═════ Data excerpt ═════

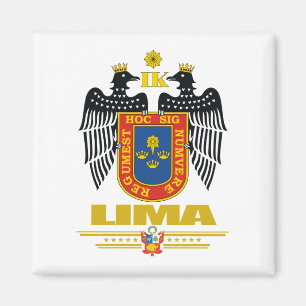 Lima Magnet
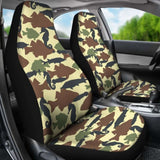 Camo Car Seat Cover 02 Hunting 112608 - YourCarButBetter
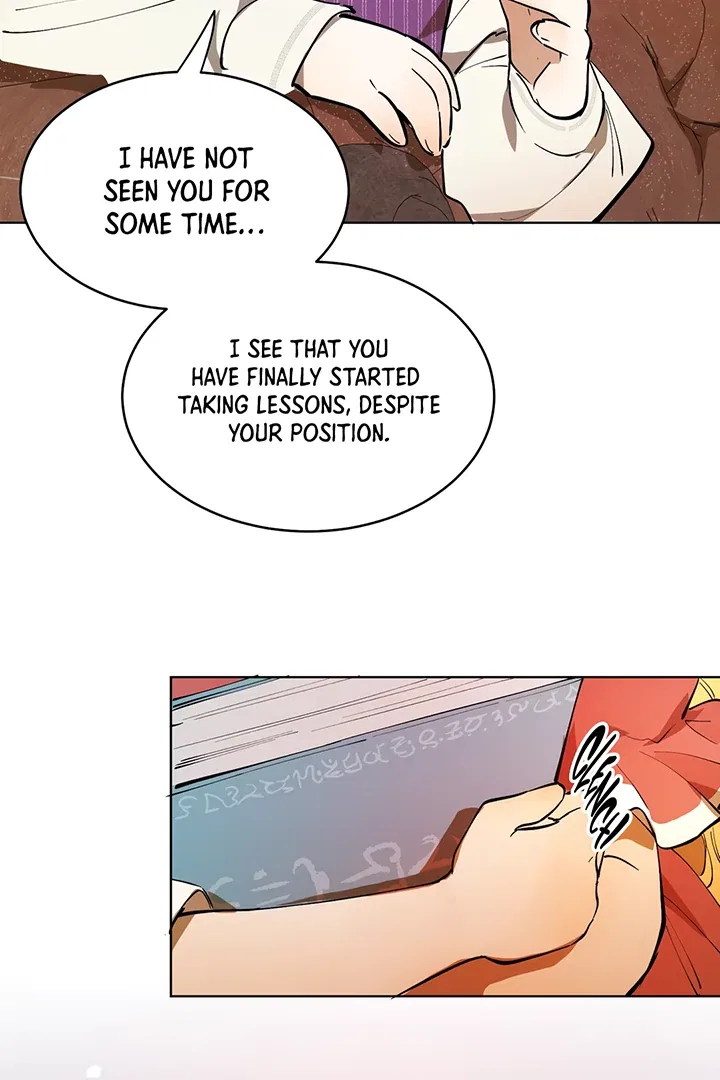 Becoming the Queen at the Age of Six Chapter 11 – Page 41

═════

■ Problem to work on: Reproduce the data exactly as it appears above. Pictures are to be left out.

■ Solution for this problem:
 Lima Magnet
 Camo Car Seat Cover 02 Hunting 112608 - YourCarButBetter
 Becoming the Queen at the Age of Six Chapter 11 – Page 41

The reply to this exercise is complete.